The 2014-15 season ended up being a disappointment as the program finished in last place of Hockey East for the first time since the 2001-2002 season. The team landed in the basement despite Frank Vatrano and Brandon Montour being among the top players in the league and Dennis Kravchenko amassing the second most points among league freshmen. Offense did not prove to be a problem for the Minutemen as they were around the league average in terms of scoring. Their problem was letting in too many goals. Way too many. Second most in the country to be exact. UMass let in a full one goal more per game than the next closest team in the league. That obviously is not a recipe for success and despite the gains made on offense, the goals against made it extremely tough for UMass to stay competitive in games.
The result was an 11-23-2 overall record and a 5-16-1 Hockey East record. It’s tough to say exactly what caused the huge deficiencies in terms of goals against. The combination of freshman Henry Dill and senior Steve Mastalerz in net struggled with consistency, though at times they looked OK and just weren’t given the chance to make saves due to breakdowns in front of them. The defense did have some newcomers, but also had some solid stay-at-home seniors in Oleg Yevenko and Mike Busillo that should’ve solidified things on the blueline, but didn’t.
So knowing that defense had the biggest impact on the season last year, let’s start our look at this season by seeing how the coaching staff is moving to improve there. You cannot say that Micheletto and the staff hasn’t worked hard to immediately address their biggest weakness from last year. He has brought in four very highly regarded blueliners in an attempt to completely makeover that part of the lineup. Highlighting the group are NHL draft picks William Lagesson and Ivan Chukarov. Lagesson , a 4th round pick by Edmonton, is seen as a traditional stay-at-home defenseman with tremendous upside. In addition to junior hockey experience both in the USHL and overseas he represented his native Sweden in the World Junior Championships last year and will likely do so again this winter.
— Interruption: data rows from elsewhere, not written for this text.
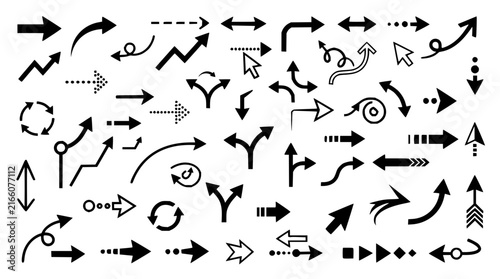 Directional arrows and symbols set with flat icons featuring left, right, up, down, and diagonal arrows with geometric shapes and minimal style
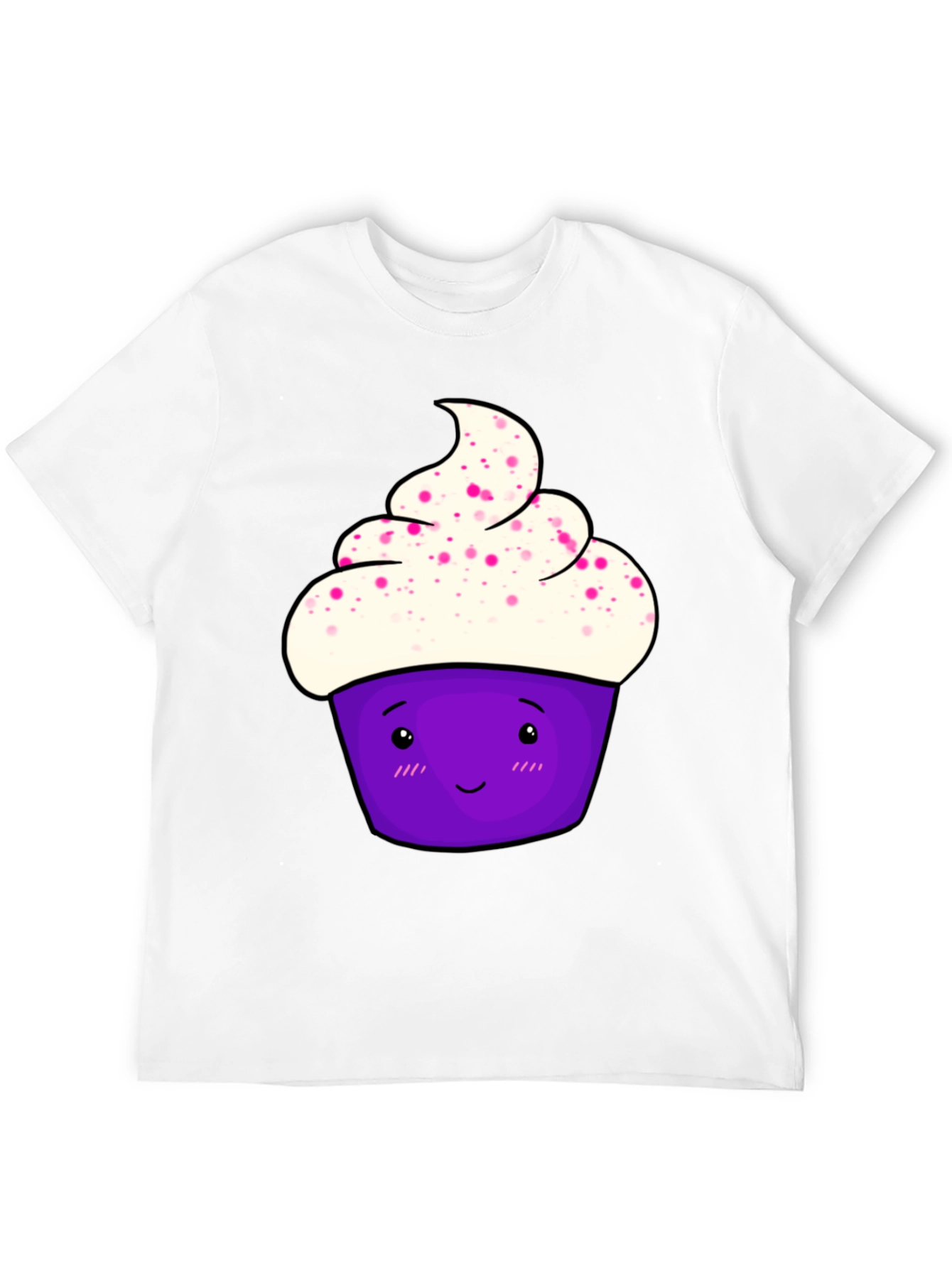 Cute Cupcake Graphic T-Shirt - Black Cotton Tee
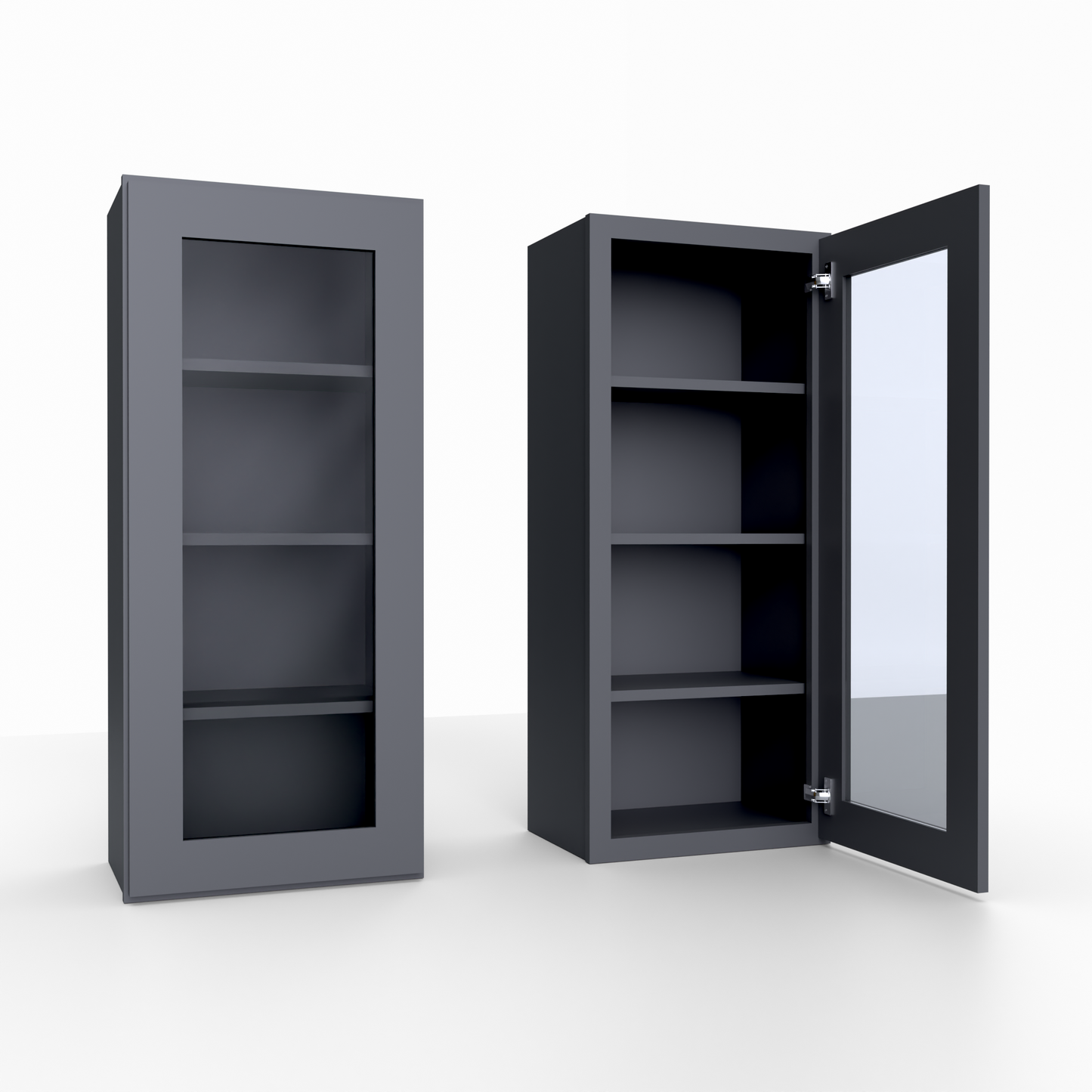 Shaker 42” H x 12” D Glass Door Wall Cabinet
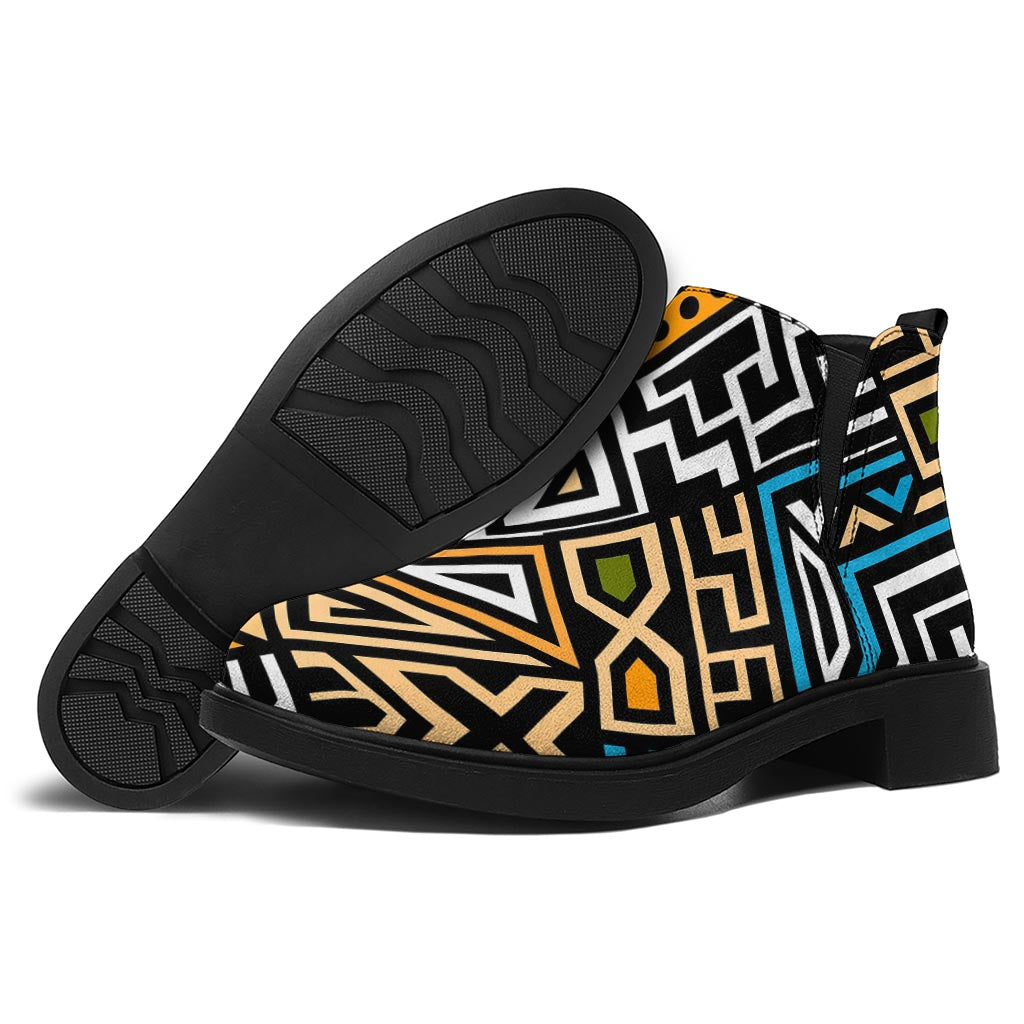 Ethnic Aztec Geometric Pattern Print Flat Ankle Boots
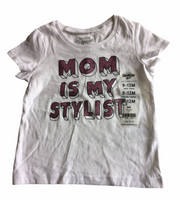 Brand New OshKosh B'gosh Girls White Mom is My Stylist Glitter T-Shirt - Girls 9-12m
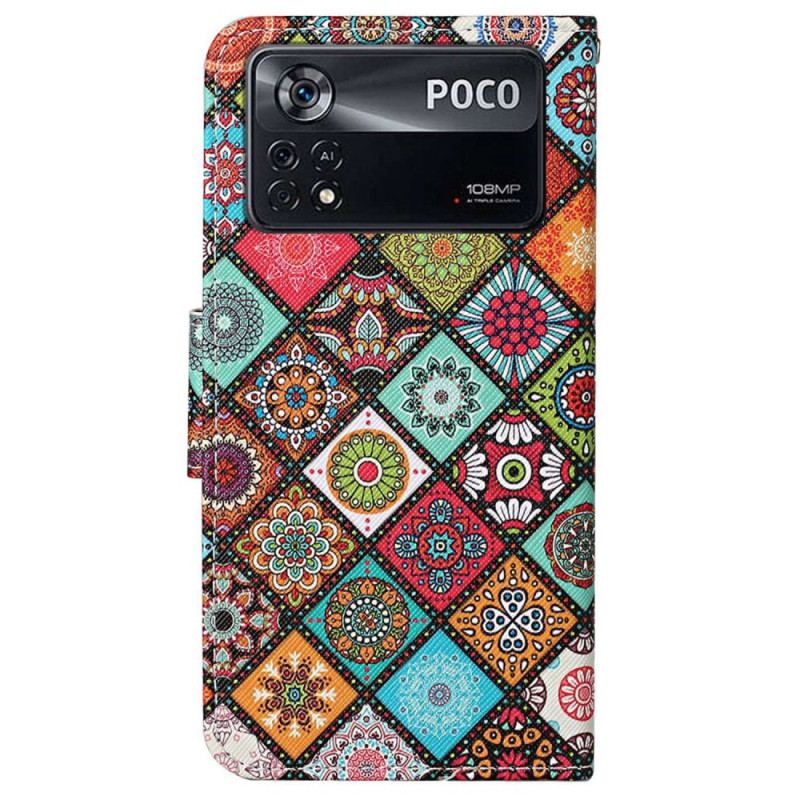 Housse Poco X4 Pro 5G Patchwork à Lanière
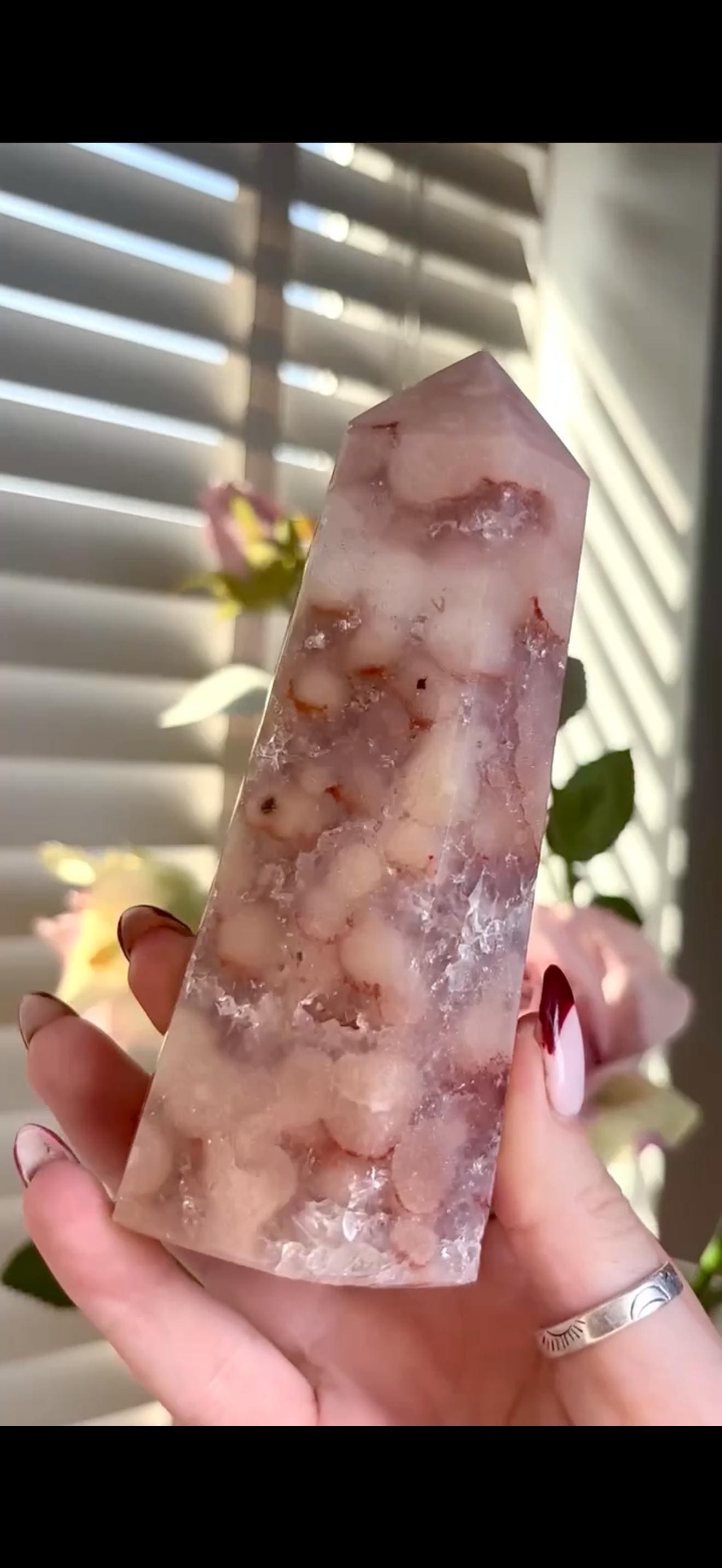 Pink amethyst tower with orb formations & quartz Druze 257g 12cm by 4.4cm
Chukarov, picked by the Sabres in the 7th round, may have a little more offensive game, but is still a very solid defender. He was one of the top defensemen in the NAHL last year and help lead his Minnesota Wilderness to the league championship.
Carmine Buono who played in the BCHL last season may hear his named called at next year’s draft as he was recently listed as a “player to watch” by NHL Central Scouting. Callum Fryer’s play in the OJHL and representing Canada East in the World Junior A Championships last year was enough to catch the attention of the Toronto Maple Leafs who had him participate in their prospect camp this past summer. All of these new defenseman have good size, 6’2” or 6’3” and bonafide defensive credentials.
Obviously four freshmen make for a very inexperienced group. That could be exacerbated by the fact that one of the other likely starters on defense will be Jake Horton who is only entering his second year. Horton proved to be a skilled two-way defenseman last season and will be looked upon to bring his offensive game up a notch while hopefully minimizing ill-timed penalties. Anchoring the defense will be senior Ben Gallacher whose play was noticeably improved during his second year in Amherst following a transfer from Ohio State. Gallacher, while still making regularly contributions on offense, will have to continue to improve while taking on a leader role among a talented, but green squad on defense. Marc Hetnik and Brennan Baxandall will rotate into the lineup as needed and can also be used at forwards as they were last year as well.
I think the overhaul in terms of personnel and the quality of player coming in at defense should give UMass fans some hope that blueline play should improve. However, there are also two major questions to ask around expectations on defense this year How long could it take the freshmen, plus a sophomore still developing, to adjust to the college game and make a difference? That’s a complete unknown. The group had both bright spots and areas of concerns in the exhibition game. The second question is what if there’s truly a flaw in Micheletto’s strategy in how he approaches playing defense? I think this season will go a long way to answering that second question. The blueline is entirely Micheletto’s recruits and should be able to play the way he wants.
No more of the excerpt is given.